▶ _RECORDS SUPPLIED_
┌──

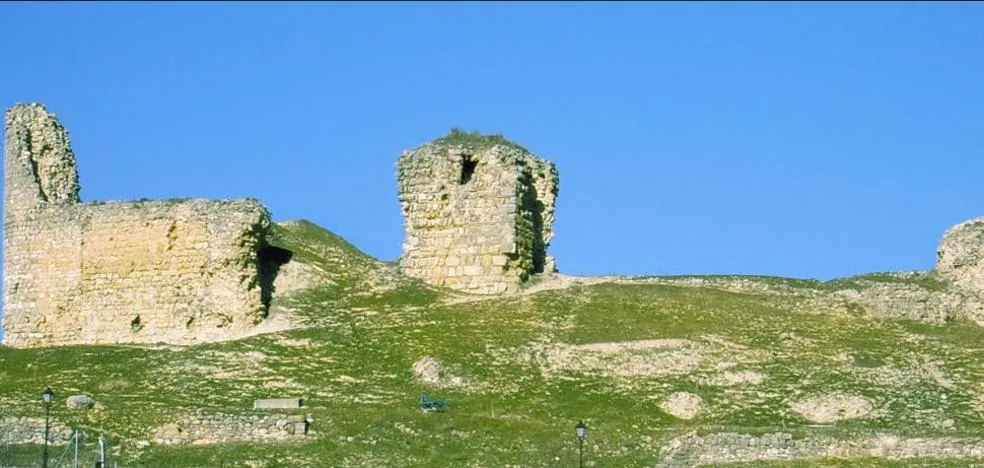 Se vende castillo medieval por medio millón de euros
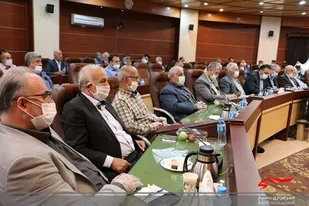 نشست صمیمی فرمانده و مسئول دفتر نمایندگی ولی فقیه در سپاه کربلا با رزمندگان خط مقدم جنگ اقتصادی
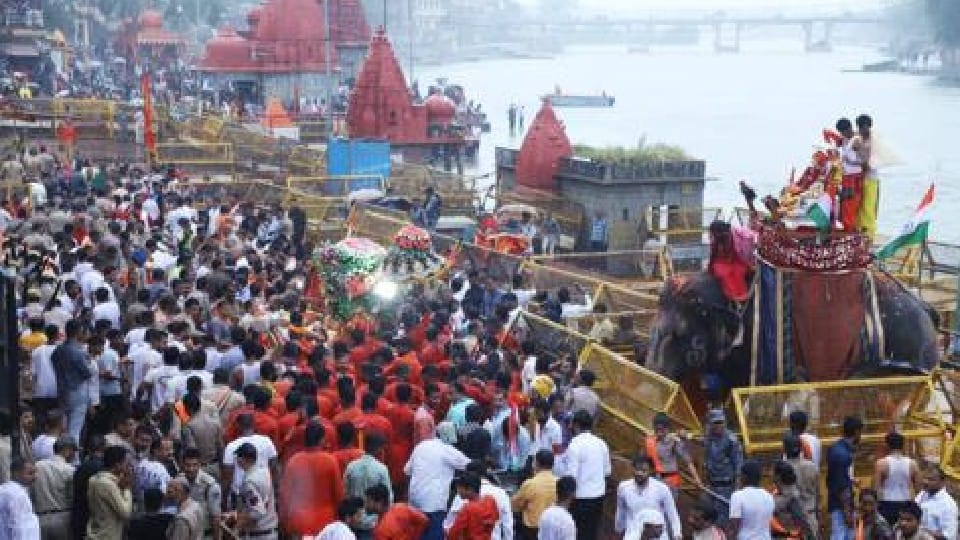 Mahakal: Baba's palanquin adorned with three colors of flowers on the first Monday of Bhadau month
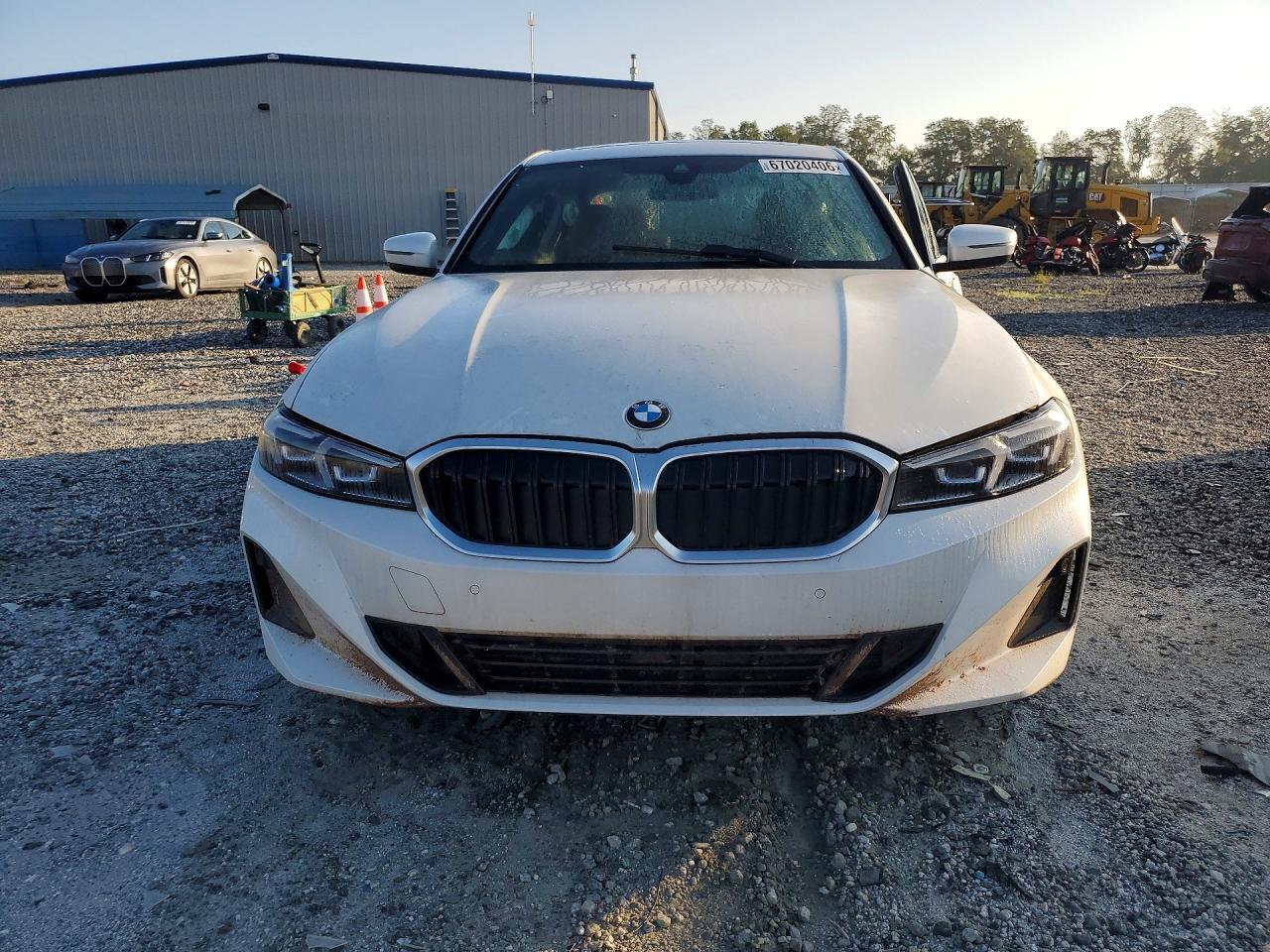 2025 BMW 330I - zdjęcie 5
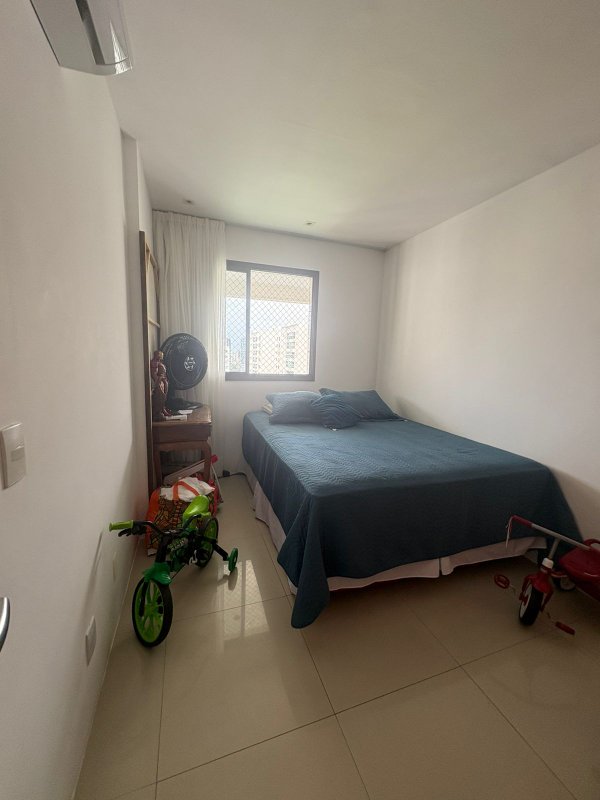 3 quartos (1 suíte). 108m². Varanda. Nascente. Andar alto. 2 vagas de garagem Rua Le Parc Recife - 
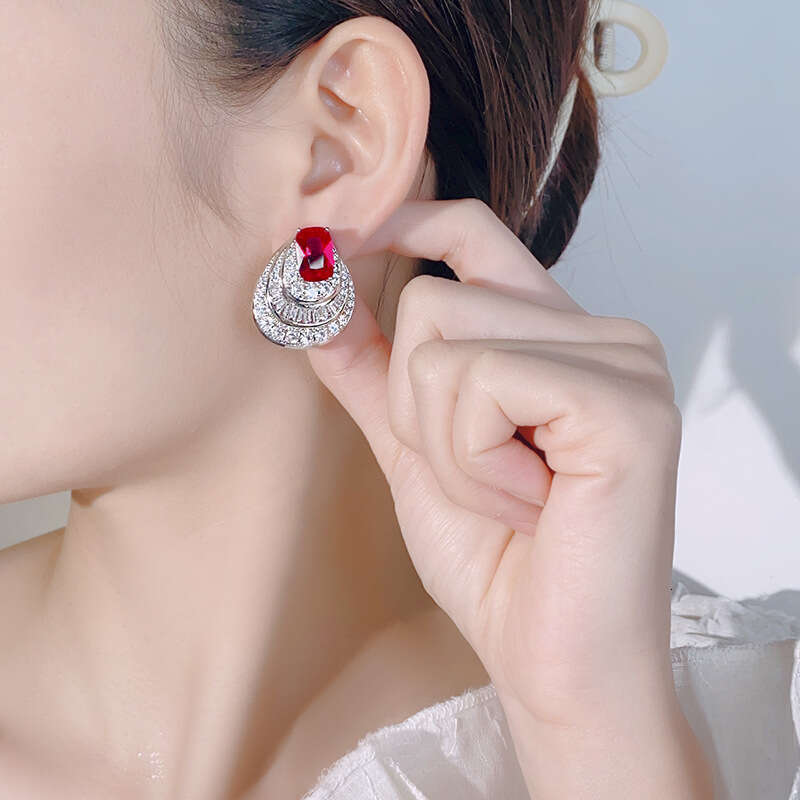 Palace Style Jewelry Zircon Earrings Red Elegant Versatile New Women's High-End E9f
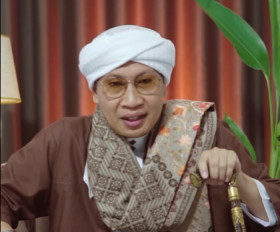 MALAM LAILATUL QADAR - Pendakwah asal Cirebon, Buya Yahya mengatakan, tidak ada amalan sholat khusus agar mendapat malam Lailatul Qadar. (Instagram/@buyayahya_albahjah).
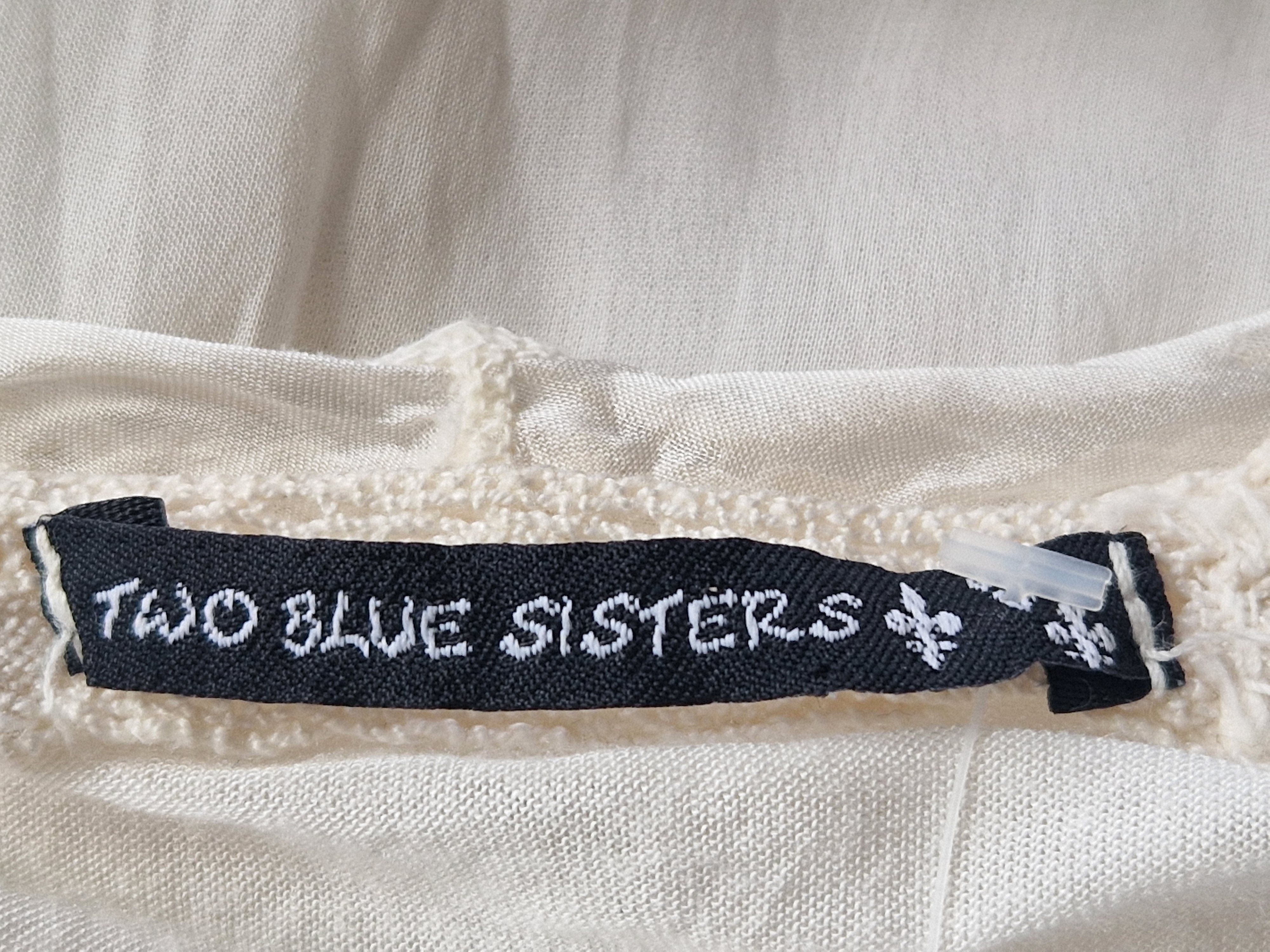 Two Blue Sisters top. Maat M. Crème/borduursels.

└──

Within the data above, repeat exactly the lines from the one bearing "نشست صمیمی فرمانده" through the one bearing "MALAM LAILATUL QADAR - Pendakwah". Include no pictures and nothing else.

 نشست صمیمی فرمانده و مسئول دفتر نمایندگی ولی فقیه در سپاه کربلا با رزمندگان خط مقدم جنگ اقتصادی
 Mahakal: Baba's palanquin adorned with three colors of flowers on the first Monday of Bhadau month
 2025 BMW 330I - zdjęcie 5
 3 quartos (1 suíte). 108m². Varanda. Nascente. Andar alto. 2 vagas de garagem Rua Le Parc Recife - 
 Palace Style Jewelry Zircon Earrings Red Elegant Versatile New Women's High-End E9f
 MALAM LAILATUL QADAR - Pendakwah asal Cirebon, Buya Yahya mengatakan, tidak ada amalan sholat khusus agar mendapat malam Lailatul Qadar. (Instagram/@buyayahya_albahjah).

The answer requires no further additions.